Jorge Amado, um dos maiores escritores brasileiros, é conhecido por suas obras que retratam a vida e a cultura do povo brasileiro. Em seus livros, Amado aborda diversos temas, entre eles, a questão da justiça e da criminalidade.

O livro "Ideias Penais na Obra de Jorge Amado", de Sérgio Habib, analisa a forma como Amado retrata o sistema penal brasileiro em suas obras. Habib argumenta que Amado é um crítico ferrenho do sistema penal brasileiro, e que suas obras oferecem uma visão alternativa de justiça e punição.

A crítica de Amado ao sistema penal brasileiro

Amado critica o sistema penal brasileiro por ser injusto, violento e ineficaz. Em suas obras, ele mostra como o sistema penal brasileiro pune desproporcionalmente os pobres e os negros, e como ele falha em ressocializar os criminosos.

Em "Capitães da Areia", por exemplo, Amado conta a história de um grupo de meninos de rua que vivem em Salvador. Os meninos são pobres e negros, e são constantemente perseguidos pela polícia. Em uma cena, a polícia invade o esconderijo dos meninos e os espanca brutalmente.

Em "Gabriela, Cravo e Canela", Amado conta a história de uma jovem mulher que se muda para uma pequena cidade no interior da Bahia. Gabriela é uma mulher forte e independente, mas ela é constantemente assediada pelos homens da cidade. Em uma cena, Gabriela é estuprada por um grupo de homens.

A visão alternativa de justiça e punição de Amado

Amado oferece uma visão alternativa de justiça e punição em suas obras. Ele argumenta que o sistema penal brasileiro deveria ser baseado na justiça restaurativa, e não na justiça retributiva. A justiça restaurativa se concentra em reparar o dano causado pelo crime, e em ressocializar os criminosos.

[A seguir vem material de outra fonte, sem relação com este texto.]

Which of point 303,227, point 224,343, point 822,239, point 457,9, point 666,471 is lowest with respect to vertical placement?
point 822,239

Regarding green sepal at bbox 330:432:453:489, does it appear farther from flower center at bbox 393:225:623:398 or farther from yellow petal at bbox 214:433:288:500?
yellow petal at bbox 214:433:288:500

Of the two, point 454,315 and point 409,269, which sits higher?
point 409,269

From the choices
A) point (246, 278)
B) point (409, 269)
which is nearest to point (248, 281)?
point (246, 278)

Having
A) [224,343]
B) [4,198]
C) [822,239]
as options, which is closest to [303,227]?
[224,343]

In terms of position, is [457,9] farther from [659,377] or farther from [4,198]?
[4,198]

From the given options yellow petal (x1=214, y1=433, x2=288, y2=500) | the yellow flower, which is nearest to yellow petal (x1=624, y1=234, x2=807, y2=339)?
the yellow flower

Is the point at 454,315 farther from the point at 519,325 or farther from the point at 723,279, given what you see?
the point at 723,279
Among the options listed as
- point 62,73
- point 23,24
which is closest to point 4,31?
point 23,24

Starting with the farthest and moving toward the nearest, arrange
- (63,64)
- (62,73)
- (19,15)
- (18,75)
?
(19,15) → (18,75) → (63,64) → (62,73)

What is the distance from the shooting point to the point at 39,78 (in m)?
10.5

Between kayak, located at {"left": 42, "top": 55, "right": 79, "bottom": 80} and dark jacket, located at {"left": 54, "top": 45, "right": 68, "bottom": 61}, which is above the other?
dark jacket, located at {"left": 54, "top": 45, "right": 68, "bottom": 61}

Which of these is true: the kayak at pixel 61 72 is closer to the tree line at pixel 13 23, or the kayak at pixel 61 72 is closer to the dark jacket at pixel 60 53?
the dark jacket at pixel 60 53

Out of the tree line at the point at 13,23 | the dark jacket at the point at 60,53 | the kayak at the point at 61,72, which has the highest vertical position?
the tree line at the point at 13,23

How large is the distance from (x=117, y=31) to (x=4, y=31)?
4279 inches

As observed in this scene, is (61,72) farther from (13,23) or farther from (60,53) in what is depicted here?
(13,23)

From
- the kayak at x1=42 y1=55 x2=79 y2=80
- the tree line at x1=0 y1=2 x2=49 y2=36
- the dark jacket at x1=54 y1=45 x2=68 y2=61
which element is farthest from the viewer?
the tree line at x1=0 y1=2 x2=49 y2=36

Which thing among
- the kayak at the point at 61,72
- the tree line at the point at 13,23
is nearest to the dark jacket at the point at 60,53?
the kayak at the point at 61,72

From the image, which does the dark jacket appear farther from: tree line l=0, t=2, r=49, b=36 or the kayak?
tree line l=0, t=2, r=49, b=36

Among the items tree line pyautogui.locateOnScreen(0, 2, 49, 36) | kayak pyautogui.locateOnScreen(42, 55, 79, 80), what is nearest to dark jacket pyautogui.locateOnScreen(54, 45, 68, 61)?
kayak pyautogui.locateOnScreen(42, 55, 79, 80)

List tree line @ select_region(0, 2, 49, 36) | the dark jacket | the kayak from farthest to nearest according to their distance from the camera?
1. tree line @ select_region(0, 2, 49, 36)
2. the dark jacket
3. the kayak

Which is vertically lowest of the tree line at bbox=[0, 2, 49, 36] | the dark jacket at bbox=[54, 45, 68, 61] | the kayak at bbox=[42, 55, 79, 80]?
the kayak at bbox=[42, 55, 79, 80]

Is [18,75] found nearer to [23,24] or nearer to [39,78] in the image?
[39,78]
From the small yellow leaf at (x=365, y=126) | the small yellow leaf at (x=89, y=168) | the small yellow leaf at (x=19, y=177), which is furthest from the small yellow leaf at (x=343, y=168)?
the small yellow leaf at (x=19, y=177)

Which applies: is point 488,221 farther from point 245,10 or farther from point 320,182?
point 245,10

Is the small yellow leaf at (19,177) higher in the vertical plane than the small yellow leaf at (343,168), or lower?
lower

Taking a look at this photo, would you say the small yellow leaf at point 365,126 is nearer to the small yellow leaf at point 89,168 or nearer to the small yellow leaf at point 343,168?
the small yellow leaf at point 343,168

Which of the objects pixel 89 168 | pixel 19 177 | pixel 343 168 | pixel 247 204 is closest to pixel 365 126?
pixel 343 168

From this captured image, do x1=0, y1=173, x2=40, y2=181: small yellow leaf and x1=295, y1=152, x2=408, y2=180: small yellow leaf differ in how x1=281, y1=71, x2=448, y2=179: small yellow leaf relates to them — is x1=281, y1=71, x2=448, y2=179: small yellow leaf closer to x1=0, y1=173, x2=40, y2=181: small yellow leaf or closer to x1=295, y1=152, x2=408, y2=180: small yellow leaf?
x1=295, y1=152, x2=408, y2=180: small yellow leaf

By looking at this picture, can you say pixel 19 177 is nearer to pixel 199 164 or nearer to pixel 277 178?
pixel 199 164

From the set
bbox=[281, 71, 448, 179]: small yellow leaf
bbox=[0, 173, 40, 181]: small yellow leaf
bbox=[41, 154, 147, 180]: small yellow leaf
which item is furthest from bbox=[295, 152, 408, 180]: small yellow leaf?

Em "Tenda dos Milagres", por exemplo, Amado conta a história de um grupo de pessoas que vivem em uma favela em Salvador. As pessoas da favela são pobres e negras, e são constantemente exploradas pelos ricos e poderosos. Em uma cena, um grupo de moradores da favela se revolta contra os exploradores e toma o controle da favela.

Conclusão

Sérgio Habib argumenta que Jorge Amado é um crítico ferrenho do sistema penal brasileiro, e que suas obras oferecem uma visão alternativa de justiça e punição. Amado acredita que o sistema penal brasileiro deveria ser baseado na justiça restaurativa, e não na justiça retributiva.

O livro "Ideias Penais na Obra de Jorge Amado" é uma leitura essencial para quem se interessa pela obra de Jorge Amado e pela questão da justiça e da criminalidade. O livro é bem escrito e informativo, e oferece uma visão única sobre a obra de Amado.

Sobre o autor

Sérgio Habib é professor de direito penal na Universidade de São Paulo (USP). Ele é um especialista em direito penal e criminologia, e já publicou diversos livros sobre o tema. O livro "Ideias Penais na Obra de Jorge Amado" é um de seus livros mais conhecidos.

Recomendação

O livro "Ideias Penais na Obra de Jorge Amado" é uma leitura essencial para quem se interessa pela obra de Jorge Amado e pela questão da justiça e da criminalidade. O livro é bem escrito e informativo, e oferece uma visão única sobre a obra de Amado.